# 5 1/2 months ears still down



## Jbrowning58 (Mar 2, 2019)

I have a 5 1/2 month old German shepherd and I’m worried if his ears will stand up or not? The right seems like it’s on it’s way up but has been sitting at about half way for a while now and the left is still lying down. They stand up often but never stay up. I just wonder if I should give it more time or think about possibly taping his ears? Any suggestions?


----------



## Stillworks (Jul 12, 2018)

He just wants to stay cute forever. My guy was a late bloomer also. Don't stress over it. They'll be up before you know it.


----------



## selzer (May 7, 2005)

It's up to you. There are inserts, and gluing seems to be better than taping. Some dogs get really touchy about their ears. I think Uzzi is 8 months old. She has one always up and the other is up about 1/8th of the time. I think it will stand on its own though, so I am leaving it alone.


----------



## [email protected] (Jan 16, 2018)

I decided I would not worry too much and waited until my pup was done teething to make a decision if I need to intervene in the ear situation or not. I gave plenty of chew toys and snacks in the meantime to promote jaw muscle exercise and help the teething process.

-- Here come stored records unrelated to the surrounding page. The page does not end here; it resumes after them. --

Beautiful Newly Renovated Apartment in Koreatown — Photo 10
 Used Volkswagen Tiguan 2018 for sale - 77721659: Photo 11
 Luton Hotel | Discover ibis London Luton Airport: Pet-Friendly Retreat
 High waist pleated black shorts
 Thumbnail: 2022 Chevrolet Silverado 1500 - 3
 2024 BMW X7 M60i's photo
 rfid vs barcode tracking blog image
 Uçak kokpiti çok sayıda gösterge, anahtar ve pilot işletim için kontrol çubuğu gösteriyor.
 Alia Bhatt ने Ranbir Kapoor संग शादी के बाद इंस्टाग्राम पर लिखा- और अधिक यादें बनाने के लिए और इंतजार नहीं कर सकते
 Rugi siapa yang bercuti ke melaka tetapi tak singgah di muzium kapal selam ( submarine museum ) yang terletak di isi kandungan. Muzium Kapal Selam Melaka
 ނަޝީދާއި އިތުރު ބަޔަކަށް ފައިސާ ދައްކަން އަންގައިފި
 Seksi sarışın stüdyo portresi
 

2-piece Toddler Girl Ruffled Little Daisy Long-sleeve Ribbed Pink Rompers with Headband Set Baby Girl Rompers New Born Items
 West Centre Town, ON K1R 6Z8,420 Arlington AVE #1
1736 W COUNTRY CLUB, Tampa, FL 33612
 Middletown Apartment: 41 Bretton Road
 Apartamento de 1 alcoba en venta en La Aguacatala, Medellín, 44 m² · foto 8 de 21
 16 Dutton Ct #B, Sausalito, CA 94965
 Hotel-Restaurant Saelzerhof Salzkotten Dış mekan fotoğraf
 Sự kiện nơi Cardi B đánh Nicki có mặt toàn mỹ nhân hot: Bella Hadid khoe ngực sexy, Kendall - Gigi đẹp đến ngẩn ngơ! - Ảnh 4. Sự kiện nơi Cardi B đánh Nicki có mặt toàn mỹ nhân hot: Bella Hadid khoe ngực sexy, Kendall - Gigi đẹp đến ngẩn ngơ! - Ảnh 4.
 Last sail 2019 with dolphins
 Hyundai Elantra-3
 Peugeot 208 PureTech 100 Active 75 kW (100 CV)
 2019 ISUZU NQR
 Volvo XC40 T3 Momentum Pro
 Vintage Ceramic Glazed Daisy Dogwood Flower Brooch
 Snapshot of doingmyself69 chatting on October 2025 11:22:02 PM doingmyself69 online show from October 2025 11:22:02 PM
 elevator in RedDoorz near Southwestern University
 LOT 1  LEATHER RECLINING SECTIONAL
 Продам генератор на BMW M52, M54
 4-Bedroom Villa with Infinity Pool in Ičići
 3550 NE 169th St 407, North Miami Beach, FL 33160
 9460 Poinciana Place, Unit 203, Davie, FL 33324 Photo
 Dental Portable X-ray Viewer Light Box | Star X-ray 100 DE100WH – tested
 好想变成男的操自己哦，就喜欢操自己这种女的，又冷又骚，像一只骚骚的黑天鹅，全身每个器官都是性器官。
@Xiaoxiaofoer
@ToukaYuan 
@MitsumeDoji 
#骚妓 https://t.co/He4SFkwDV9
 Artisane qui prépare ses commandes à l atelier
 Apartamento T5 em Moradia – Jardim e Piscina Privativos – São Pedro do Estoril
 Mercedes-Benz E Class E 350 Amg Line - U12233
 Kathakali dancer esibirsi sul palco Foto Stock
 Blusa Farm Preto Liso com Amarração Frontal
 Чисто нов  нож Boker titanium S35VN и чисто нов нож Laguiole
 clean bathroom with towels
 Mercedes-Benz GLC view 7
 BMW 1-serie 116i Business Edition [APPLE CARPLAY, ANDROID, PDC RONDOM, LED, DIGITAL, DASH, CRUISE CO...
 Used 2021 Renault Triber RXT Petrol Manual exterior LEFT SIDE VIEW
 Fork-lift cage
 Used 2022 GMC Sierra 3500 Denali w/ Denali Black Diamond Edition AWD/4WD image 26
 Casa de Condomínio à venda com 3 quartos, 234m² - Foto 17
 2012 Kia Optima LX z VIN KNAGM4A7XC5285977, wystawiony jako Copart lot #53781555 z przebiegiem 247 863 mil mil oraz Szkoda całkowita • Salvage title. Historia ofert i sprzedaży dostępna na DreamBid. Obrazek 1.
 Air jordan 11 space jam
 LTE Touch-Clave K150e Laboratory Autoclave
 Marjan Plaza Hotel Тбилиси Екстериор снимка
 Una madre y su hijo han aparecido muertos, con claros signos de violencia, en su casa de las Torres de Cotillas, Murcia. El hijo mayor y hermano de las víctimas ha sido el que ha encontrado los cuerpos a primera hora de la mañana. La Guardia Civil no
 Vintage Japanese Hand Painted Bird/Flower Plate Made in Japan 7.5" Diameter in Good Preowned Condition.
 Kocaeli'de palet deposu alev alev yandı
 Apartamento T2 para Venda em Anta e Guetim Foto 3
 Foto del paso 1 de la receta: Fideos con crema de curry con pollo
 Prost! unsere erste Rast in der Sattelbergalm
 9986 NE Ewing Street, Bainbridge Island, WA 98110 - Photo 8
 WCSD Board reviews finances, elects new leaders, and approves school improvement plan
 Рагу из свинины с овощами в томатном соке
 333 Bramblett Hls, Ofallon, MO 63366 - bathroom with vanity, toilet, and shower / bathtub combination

Teething apparently takes some minerals from ear cartilage formation or something and once the teething stops, the ears tend to come up.

At 5.5 months, my pup had one ear up and one mostly down. After teething, the other ear came up and they've been up ever since.


----------



## selzer (May 7, 2005)

I agree with the teething thing, but the use by the body of calcium is higher while the puppy grows. Increasing calcium can be risky because excess calcium can cause calcium deposits in the joints. It may be ok if the calcium/phosphorous ratio is correct, which happens when you feed raw bones. Other forms of calcium supplementing should avoided. 

But that calcium needed for growth tends to cause the ears to come down. This is why some puppies have their ears stand all the way through, and some come up after teething and some wait until they are 8 to 10 months old, sometimes older for consistent ear-carriage. I think it is all growth. 

The rule of thumb is if the ears have stood prior to the growth spurts and teething, they will stand again. 

My feeling is that if you are going to show the dog, or if having the ears not come up will cause you to be disappointed in your dog, then certainly have someone with experience help you with the ears.


----------



## usxmarine03 (Feb 12, 2017)

When I first got my GSD her eears didn’t stay standing until 8 months. It wasnt until after I started feeding raw bones


----------



## wm97 (Dec 13, 2018)

Everybody has their ears up. If they stay down, you will appreciate the unique personality it gives your pup. Don't worry about it. It will be good either way.


----------



## tc68 (May 31, 2006)

Don't worry about it. Different dogs, different schedules. My old guy was around 8 - 9 months when the 2nd ear was completely up.


----------